[ワシントン/東京 28日 ロイター] – 日米両政府は28日、電気自動車(EV)用電池に使う重要鉱物について貿易協定を結ぶ方針を明らかにした。電池のサプライチェーン(供給網)を互いに強化し、特定国への依存度を下げる。日本の自動車メーカーは、米国の新たなEV税控除の適用を受けられるようになる。

米政権高官によると、協定はEV電池に使う重要鉱物について、両国が相互の輸出を制限することを禁じる内容。リチウム、ニッケル、コバルト、グラファイト(黒鉛)、マンガンが含まれる。日米がこの分野で外国の「非市場的な政策や慣行」に対抗し、自国の重要鉱物サプライチェーンに対する外国からの投資を点検することを定めた。

西村康稔経産相は同日の会見で、「生産に不可欠な重要な鉱物を確保することが喫緊の課題」とし、持続可能で公平なサプライチェーンの確保に向けた協力の強化を通じて、日米や同志国との連携による強靭なサプライチェーン構築を目指すと述べた。

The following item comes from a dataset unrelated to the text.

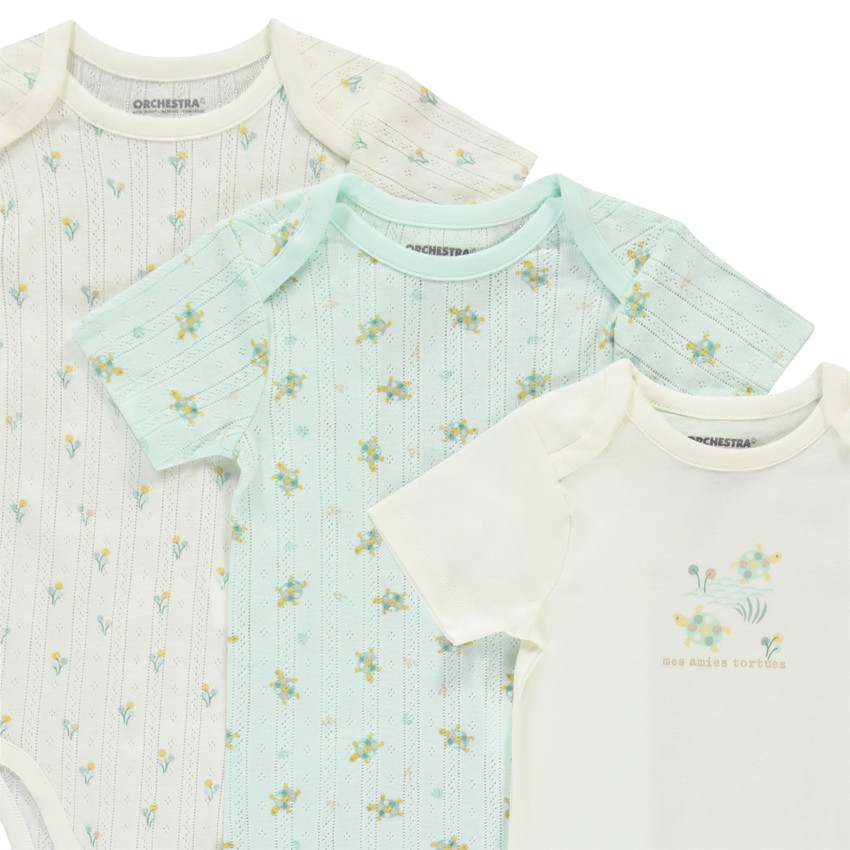Set van 5 bodies met korte mouwen en schildpadmotief voor meisjes met verschillende openingen afhankelijk van de leeftijd 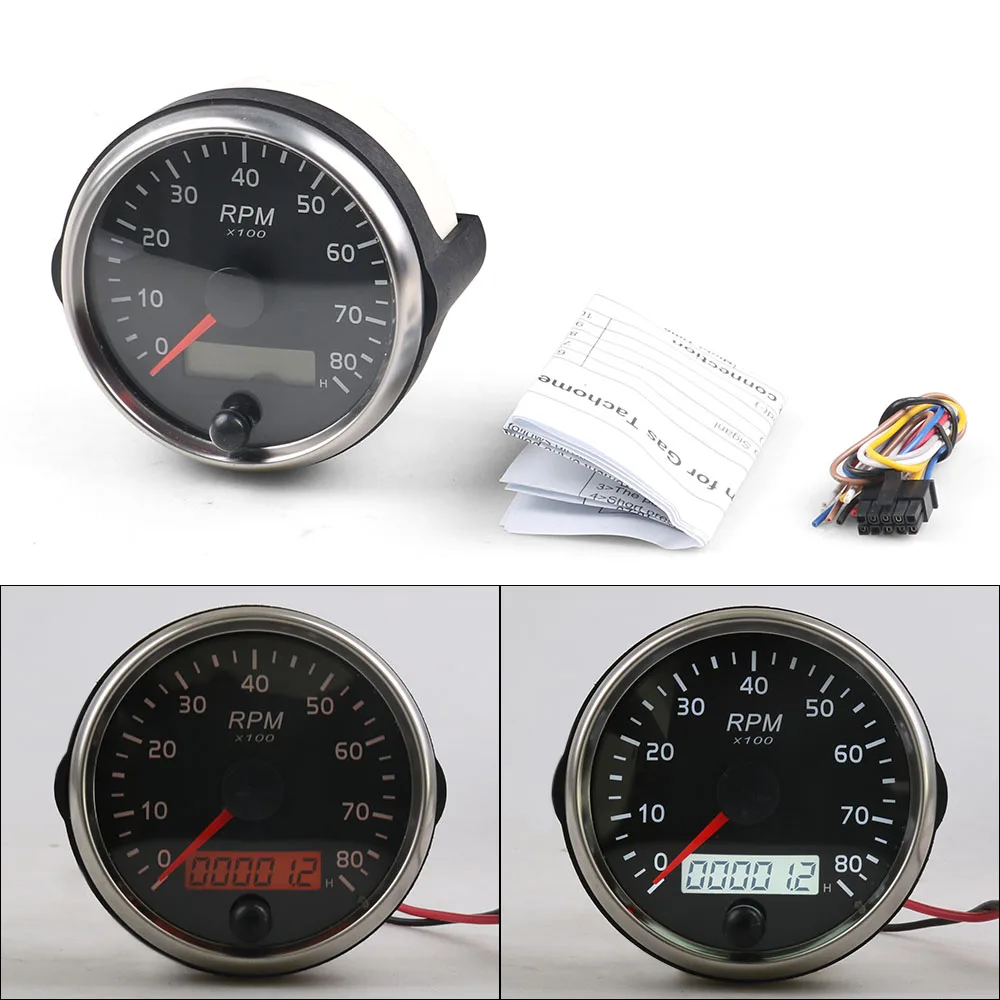 Tacómetro 85 mm LCD 0-8000 rpm para motor gasolina 12/24 V - imagen 2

一方、米通商代表部(USTR)のタイ代表は「日本は米国の最重視する貿易相手国の1つで、同協定で両国関係を深化できる」との声明を出した。

日米はこのあとワシントンで協定に署名する。日本はインフレ抑制法上、米国との自由貿易協定(FTA)締結国になる見通し。コバルトを塗布した正極材など、日本で採取・加工した材料が含まれる電池を使ったEVは、米のEV税制優遇措置の要件を満たすことになる。

バイデン政権は昨年成立したインフレ抑制法にEV1台当たり最大7500ドルの税控除を盛り込んだが、鉱物に的を絞った貿易協定を通じて適用対象を広げたいと考えている。

税控除は、EVや電池が北米で最終的に組み立てられ、重要鉱物の40%以上について米国内かFTA締結国で採取・加工されることなどを条件に適用される。

米財務省は週内に調達先の要件を明確化する見込み。USTRは重要鉱物の協定に関し交渉権限を有していることから、議会の承認は求めない考えだという。

両国は2年ごとに重要鉱物の協定を見直す。